Here we go: another must-see Marvel ‘event’ to understand future Marvel stories. In a desperate attempt to boost sales, Marvel committed annually to a broad action story that more or less touched all superheroes. Comic book series were discontinued and favorite characters killed off just to drive fans to the comic shops. By the time Secret Invasion appeared in 2007, American comic fans began to complain. How many must-reads could you buy? With the added uncertainty about the future of favorite titles, some fans wondered: Shouldn’t they just give up this expensive hobby?
So it feels fitting that the TV version of Secret Invasion appears at a time when movie fans are experiencing the same fatigue. Who has time left to see every Marvel movie and watch every series? Especially when, just like the comics at the time, they all fly through the events at a killer pace for fear that bored viewers will run away.
Secret Invasion on Disney+ should be the grown-up answer to more youth-oriented Marvel series like Ms. Marvel (2022). No happy adventures for a while, but a grim thriller that reflects on the victims of the superhero power.
That’s the idea, at least. If there’s anything like a moment of reflection to be found here, it must be forced by Marvel veteran Samuel L. Jackson. He returns in this six-part miniseries as Nick Fury, once the silent force behind The Avengers. After the events of Marvel event movies Avengers: Infinity War (2018) and End game (2019) he has run out and retired to a space station. Until it turns out that the Skrulls, the shapeshifting aliens he is in the movie Captain Marvel (2019) secretly trying to conquer the world. They are furious with Fury.

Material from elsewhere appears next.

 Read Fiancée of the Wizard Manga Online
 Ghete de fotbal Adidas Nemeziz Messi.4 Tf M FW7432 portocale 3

Once he and his old Skrull friend Talos (a sympathetic Ben Mendelsohn) promised to find a new home planet for the Skrull fugitives, but that never happened.
Favorite villains
Marvel is once again allowed to use a favorite type of villain: the oppressed minority who unfortunately stand up for their own rights to such an extreme that they have to be put down. In Captain Marvel that concept was just so wonderfully reversed. Secret Invasion feels in the two episodes that NRC received as a step back.
For those who don’t follow it anymore, don’t worry. The first two episodes have plenty of flashbacks. Stronger, Secret Invasion seems terrified of losing the viewer; the dialogues are crystal clear to the point of irritating, the plot twists clearly indicated. Fortunately, the grim atmosphere manages to raise the level a bit – it remains exciting.
What boosts the whole thing even further is the strong cast, with Samuel L. Jackson in the lead. Hidden somewhere beneath all these layers of comic hero action is a thoughtful series about an old black man past his prime, overtaken by his mistakes and losses. Occasionally that story breaks through the shell: for example, when Jackson is allowed to give a monologue about his childhood as a young black man in a segregated United States. Human and captivating, but it feels a bit absurd in the middle of this relatively simple action thriller story.
Jackson gives one of the performances of his life. You grant him more than this place as a cog in the machine of the endless Marvel soap.